What to do:
Copy out each line of the entries where the word "Star" is present.

Records to process:
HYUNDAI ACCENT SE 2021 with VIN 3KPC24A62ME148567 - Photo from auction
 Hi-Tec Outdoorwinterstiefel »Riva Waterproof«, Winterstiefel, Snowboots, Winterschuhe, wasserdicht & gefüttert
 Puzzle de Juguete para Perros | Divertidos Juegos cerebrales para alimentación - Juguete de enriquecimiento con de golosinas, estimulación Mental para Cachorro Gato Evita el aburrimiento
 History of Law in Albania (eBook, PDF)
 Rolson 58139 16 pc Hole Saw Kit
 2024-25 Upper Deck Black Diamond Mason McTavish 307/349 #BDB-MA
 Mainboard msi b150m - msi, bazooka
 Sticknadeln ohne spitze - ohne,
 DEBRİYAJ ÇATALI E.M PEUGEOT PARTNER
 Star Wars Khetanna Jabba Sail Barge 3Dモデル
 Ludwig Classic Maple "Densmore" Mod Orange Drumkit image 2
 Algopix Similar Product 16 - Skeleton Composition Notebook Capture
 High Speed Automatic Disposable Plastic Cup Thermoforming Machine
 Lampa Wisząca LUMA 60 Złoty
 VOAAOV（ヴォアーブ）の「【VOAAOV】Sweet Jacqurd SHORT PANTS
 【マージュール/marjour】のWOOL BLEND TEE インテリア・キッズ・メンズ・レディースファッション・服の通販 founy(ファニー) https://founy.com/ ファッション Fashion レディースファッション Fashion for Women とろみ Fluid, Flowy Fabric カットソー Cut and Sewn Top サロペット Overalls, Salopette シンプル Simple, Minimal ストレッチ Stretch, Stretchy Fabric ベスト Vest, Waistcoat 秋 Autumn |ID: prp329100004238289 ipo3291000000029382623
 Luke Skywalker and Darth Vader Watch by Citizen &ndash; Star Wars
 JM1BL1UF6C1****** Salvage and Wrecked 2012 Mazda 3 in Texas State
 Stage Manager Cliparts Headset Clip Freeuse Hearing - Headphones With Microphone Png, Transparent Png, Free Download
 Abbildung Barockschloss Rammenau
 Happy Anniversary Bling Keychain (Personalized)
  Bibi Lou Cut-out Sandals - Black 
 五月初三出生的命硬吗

Exercise response:
 Star Wars Khetanna Jabba Sail Barge 3Dモデル
 Luke Skywalker and Darth Vader Watch by Citizen &ndash; Star Wars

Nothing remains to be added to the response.